COLLECTED DATA =>
⟨

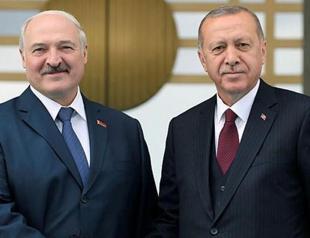 Turkey continues phone diplomacy over war in Ukraine
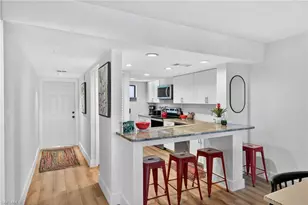 2711 1st St, Fort Myers, FL 33916 - Photo 16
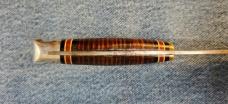  Western L66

⟩

PROBLEM REQUIREMENTS =>
Write the lines above out again exactly, without any of their pictures.

ANSWER BOX =>
 Turkey continues phone diplomacy over war in Ukraine
 2711 1st St, Fort Myers, FL 33916 - Photo 16
  Western L66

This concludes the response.